Partitioning and clustering in BigQuery

Partitioning and clustering are BigQuery features that improve query performance and reduce costs by limiting the amount of data scanned during queries. The BigQuery connector supports both features to optimize loading operations, particularly when you use the Merge loading method.

Partitioning

A partitioned table is divided into smaller segments called partitions. Partitioning large tables improves performance and reduces costs because queries scan only the relevant partitions instead of the entire table.

note

You can partition a table using only one column.

Clustering

Clustering organizes data within a table based on the values of specific columns. BigQuery sorts the data on disk according to these columns:

You can cluster a table using up to four columns.
Column order matters: BigQuery sorts data by the first clustering column, then the second, and so on.
Strategic column ordering improves performance for queries that use filters or aggregations.

Partition granularity

When partitioning on a column, you must select a granularity level to determine how BigQuery groups the data. Each partition represents a discrete range of values, for example, one day per partition.

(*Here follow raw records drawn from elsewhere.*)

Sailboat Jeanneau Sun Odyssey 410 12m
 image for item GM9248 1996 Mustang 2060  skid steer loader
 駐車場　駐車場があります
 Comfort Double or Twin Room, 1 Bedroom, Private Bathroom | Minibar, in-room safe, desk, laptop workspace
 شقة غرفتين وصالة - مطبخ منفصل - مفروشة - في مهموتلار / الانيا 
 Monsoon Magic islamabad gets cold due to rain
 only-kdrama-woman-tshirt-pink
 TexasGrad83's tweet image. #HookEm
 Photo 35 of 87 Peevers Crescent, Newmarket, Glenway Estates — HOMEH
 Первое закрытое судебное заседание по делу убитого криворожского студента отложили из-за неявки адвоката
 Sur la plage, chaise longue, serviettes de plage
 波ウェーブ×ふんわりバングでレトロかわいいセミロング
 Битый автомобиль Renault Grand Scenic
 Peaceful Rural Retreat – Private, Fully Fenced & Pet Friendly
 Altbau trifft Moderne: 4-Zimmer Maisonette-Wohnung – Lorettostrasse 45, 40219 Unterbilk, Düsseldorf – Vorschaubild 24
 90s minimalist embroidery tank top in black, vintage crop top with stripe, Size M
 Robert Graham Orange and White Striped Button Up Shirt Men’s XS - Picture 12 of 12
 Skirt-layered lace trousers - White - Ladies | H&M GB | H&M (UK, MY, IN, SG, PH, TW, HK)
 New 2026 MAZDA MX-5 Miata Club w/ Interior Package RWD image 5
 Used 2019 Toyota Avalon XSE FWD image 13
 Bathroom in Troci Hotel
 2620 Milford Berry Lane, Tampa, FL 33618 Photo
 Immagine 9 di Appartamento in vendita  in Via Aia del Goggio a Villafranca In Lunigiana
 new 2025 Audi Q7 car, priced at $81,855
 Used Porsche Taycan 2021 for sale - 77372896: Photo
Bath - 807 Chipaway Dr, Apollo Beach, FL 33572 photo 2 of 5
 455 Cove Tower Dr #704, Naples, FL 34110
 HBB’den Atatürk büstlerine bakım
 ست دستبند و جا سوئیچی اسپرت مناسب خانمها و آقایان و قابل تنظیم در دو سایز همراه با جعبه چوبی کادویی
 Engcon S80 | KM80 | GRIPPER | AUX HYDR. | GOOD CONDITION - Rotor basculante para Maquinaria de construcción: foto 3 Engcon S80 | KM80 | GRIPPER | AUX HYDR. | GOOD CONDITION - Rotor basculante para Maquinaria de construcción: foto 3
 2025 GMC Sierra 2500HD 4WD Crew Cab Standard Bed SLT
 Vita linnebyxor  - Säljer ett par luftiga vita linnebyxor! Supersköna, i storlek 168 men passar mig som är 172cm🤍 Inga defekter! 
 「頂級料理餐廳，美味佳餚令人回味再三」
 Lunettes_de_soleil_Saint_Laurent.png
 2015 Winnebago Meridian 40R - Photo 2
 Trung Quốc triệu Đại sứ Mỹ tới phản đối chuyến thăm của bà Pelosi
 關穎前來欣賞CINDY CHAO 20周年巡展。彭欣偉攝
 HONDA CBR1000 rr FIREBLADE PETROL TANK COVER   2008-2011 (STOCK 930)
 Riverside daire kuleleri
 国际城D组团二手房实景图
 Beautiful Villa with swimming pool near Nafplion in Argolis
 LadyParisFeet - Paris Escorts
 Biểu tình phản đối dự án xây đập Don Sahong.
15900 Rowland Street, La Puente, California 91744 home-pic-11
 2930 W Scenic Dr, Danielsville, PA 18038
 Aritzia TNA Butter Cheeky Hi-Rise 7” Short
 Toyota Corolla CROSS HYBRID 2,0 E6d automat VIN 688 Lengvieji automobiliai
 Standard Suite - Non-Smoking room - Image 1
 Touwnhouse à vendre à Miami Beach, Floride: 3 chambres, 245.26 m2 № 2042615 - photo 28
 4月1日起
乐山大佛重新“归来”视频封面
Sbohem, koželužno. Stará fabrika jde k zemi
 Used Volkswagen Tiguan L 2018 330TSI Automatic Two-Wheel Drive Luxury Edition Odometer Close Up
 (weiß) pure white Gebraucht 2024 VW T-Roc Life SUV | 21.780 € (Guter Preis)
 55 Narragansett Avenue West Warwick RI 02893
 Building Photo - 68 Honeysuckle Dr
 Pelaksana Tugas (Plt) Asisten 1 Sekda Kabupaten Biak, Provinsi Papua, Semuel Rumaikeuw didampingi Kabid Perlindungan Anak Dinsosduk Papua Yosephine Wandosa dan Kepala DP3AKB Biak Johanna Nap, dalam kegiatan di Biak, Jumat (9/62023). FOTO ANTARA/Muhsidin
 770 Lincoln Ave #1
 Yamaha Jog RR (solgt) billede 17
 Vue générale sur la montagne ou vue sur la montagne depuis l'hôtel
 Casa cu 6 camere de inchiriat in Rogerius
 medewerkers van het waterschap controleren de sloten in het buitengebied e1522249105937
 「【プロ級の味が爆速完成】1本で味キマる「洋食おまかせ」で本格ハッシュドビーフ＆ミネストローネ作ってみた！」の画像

The connector supports the following granularities:

DATE columns: YEAR, MONTH, DAY
TIMESTAMP columns: YEAR, MONTH, DAY, HOUR

Loading methods

Configure loading behavior in the connector under Target > Loading Mode. Merge is the default and recommended method for optimized loading.

Method	Description	Recommended for
Merge (Default)	Optimized incremental loading using the BigQuery `MERGE` command. Updates only the columns provided by the staging area to enable Change Data Capture (CDC).	Partitioned or clustered tables; large datasets.
Switch-Merge	Matches the previous backend behavior (formerly Upsert-Merge). Rebuilds the table by selecting non-matching target rows and adding new data.	Tables without partitions or clustering.
Append	Adds new records to the end of the table without checking for existing keys.	Immutable logs or event streams.
Overwrite	Replaces the entire target table with the staging data.	Full refreshes of smaller tables.

Defining Match Keys

You must define at least one Match Key to use Merge or Switch-Merge methods. If you do not define match keys, the system blocks river activation to prevent data correctness issues.

Enabling partitioning on existing tables

BigQuery cannot alter a non-partitioned table into a partitioned table. If you enable partitioning for a table that already exists in BigQuery without partitions, the following rules apply:

Table recreation: The target table is recreated if required partitions are missing or if the existing partition definition differs from the selected configuration.
Initial run: The initial run requires a full table scan during the table creation process.
UI confirmation : When you select a partition column for the first time, a warning appears. You must select Confirm to proceed.

Match key behavior with partition columns

Selecting a partition column does not automatically make it a match key. The partition column can be designated as a match key to improve performance and reduce processing costs; however:

If the partition column does not form a unique key when combined with other match keys, duplicate records can be written.
To prevent duplicates:
- Leave the partition column unselected as a match key, or
- Use the partition column as the only match key.

Partition-aware MERGE logic

When partitioning (DATE or TIMESTAMP) or clustering is enabled, the connector optimizes the BigQuery MERGE command.

Including the partition column in the ON condition, BigQuery can perform partition pruning, which significantly reduces the amount of data scanned and lowers query costs.

Example MERGE statement

MERGE target_table AS T
USING staging_table AS S
ON T.id = S.id
AND T.partition_date = S.partition_date   -- Enables partition pruning
WHEN MATCHED THEN UPDATE SET
    T.column_a = S.column_a               -- Partial-column update
WHEN NOT MATCHED THEN INSERT (id, partition_date, column_a)
VALUES (S.id, S.partition_date, S.column_a);